M9 — openclaw-prime¶

Verdict: PASS

✅ Completeness: Brief items present (troubleshooting, negative trigger already exists per spec)
✅ All 5 ACs are independently testable and specific
✅ AC4 correctly calls out cross-referencing node-connect skill
✅ Frontmatter: Spec correctly notes it's already compliant

No issues.

C1 — doc-coauthoring (New Skill)¶

Verdict: FAIL

✅ Completeness: Covers all brief items
✅ Frontmatter: Description under 1024 chars, has WHAT + WHEN + negative trigger
✅ Most ACs are testable

🚫 Blocking — AC11 circular dependency. AC11 states: "Running the skill-creator skill against this SKILL.md produces no 'missing required field' warnings." The Implementation Notes specify: build C1 first, then C3 (skill-creator). AC11 cannot be verified at C1 completion time because the skill-creator with validate-skill.sh won't exist yet. Either: - Remove AC11 from C1 and add it as a post-C3 retroactive check, OR - Reorder so C3 is built before C1 (or at minimum, validate-skill.sh is extracted to a standalone script first)

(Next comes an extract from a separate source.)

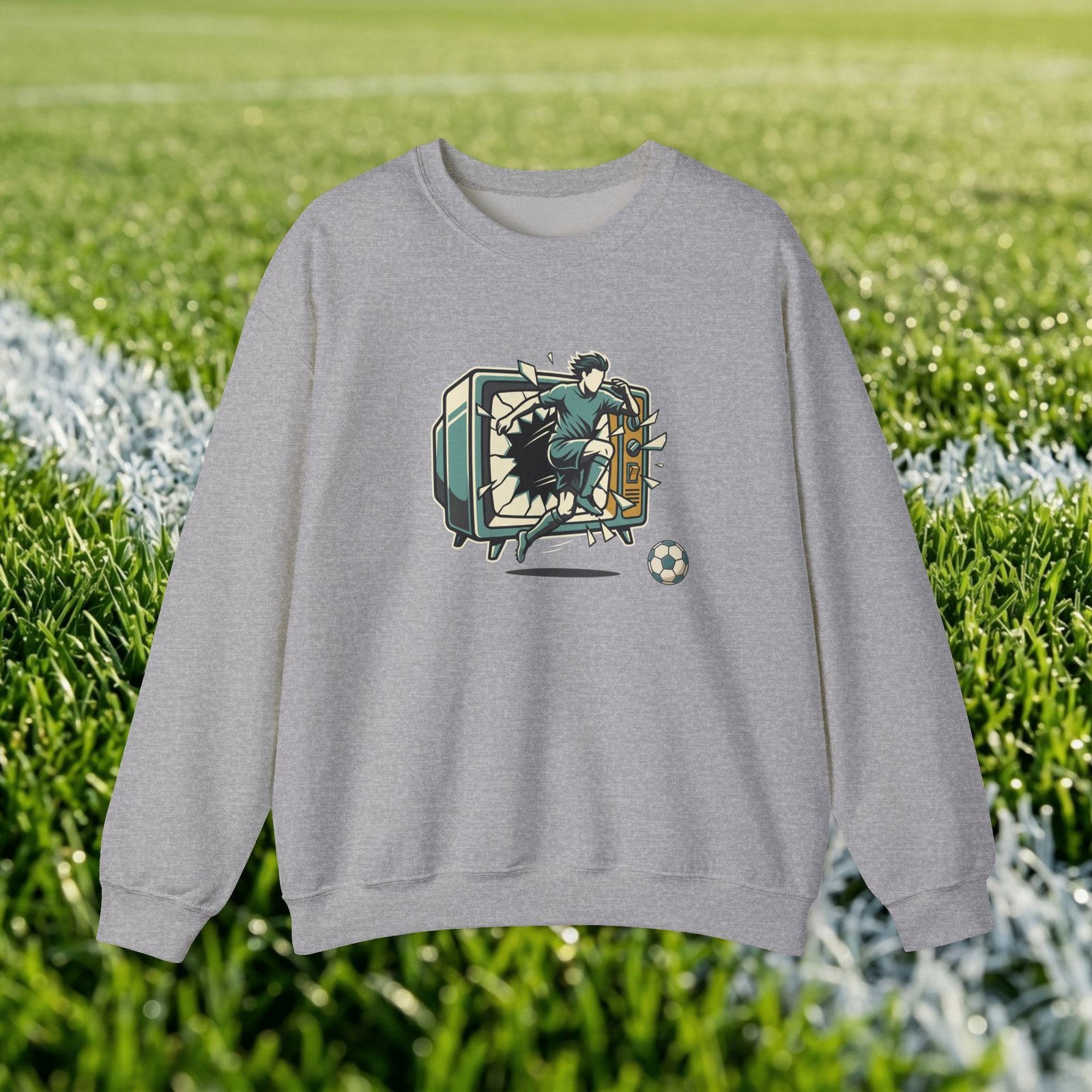 Vintage split screen design - retro TV with football player - Image 2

⚠️ Note — AC4 verifiability. "Stage 1 includes at least 7 context questions" — Melody should count questions explicitly in the SKILL.md body. Recommend adding a numbered list format requirement to make this easier to audit.

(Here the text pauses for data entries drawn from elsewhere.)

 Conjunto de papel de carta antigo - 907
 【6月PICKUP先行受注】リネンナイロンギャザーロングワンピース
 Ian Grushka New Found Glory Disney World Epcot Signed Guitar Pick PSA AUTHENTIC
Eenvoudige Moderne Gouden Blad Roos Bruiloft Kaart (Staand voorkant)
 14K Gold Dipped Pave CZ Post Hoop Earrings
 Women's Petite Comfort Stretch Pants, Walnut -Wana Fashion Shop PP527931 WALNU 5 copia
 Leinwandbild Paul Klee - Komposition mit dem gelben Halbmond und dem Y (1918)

C2 — webapp-testing (New Skill)¶

Verdict: PASS WITH NOTES

✅ Completeness: All brief items present (with_server.py, run-tests.sh, capture-baseline.sh, references)
✅ Frontmatter: Under 1024 chars, WHAT + WHEN + negative trigger ✓
✅ AC3–5 test the critical server lifecycle behavior correctly

⚠️ Note — AC7 requires running service. AC7: "capture-baseline.sh creates at least one file in tests/baselines/" — this requires a live MC instance on port 3100. The AC should specify: "Run against a running Mission Control instance. If MC is down, note this dependency explicitly."

⚠️ Note — capture-baseline.sh implementation gap. The script is described as a bash script that "uses Playwright to navigate to each route defined in mc-test-suite.md." A bash script cannot parse a markdown file and generate Playwright navigation commands directly. The spec needs to clarify: does this script call a pre-written Playwright test file (which itself reads the test suite), or does it use the Playwright CLI screenshot command? As written, Melody will have to make this up. Recommend specifying that capture-baseline.sh invokes a companion tests/capture-baselines.spec.ts file that handles the actual navigation.

⚠️ Note — mc-test-suite.md route staleness. AC10 requires coverage of "all current MC routes." The spec lists them inline. As MC grows, this list will go stale. Add a note that mc-test-suite.md is a living document requiring update when MC routes change.

C3 — skill-creator (New Skill)¶

Verdict: FAIL

✅ Completeness: All brief items present
✅ Frontmatter: Under 1024 chars, WHAT + WHEN + negative trigger ✓
✅ ACs are specific and mostly testable

🚫 Blocking — conflicts with existing system-level skill. There is already a skill-creator skill at /opt/homebrew/lib/node_modules/openclaw/skills/skill-creator/SKILL.md (listed in available_skills). The spec creates a new skill-creator at ~/.openclaw/workspace/skills/skill-creator/. These will conflict. OpenClaw's skill resolution order determines which one wins, but this isn't defined in the spec. Before building C3, Jules/Forge must decide: (a) replace the system-level skill, (b) extend it, or (c) use a different name for the VV-specific variant (e.g., vv-skill-creator). This is a design decision that blocks implementation.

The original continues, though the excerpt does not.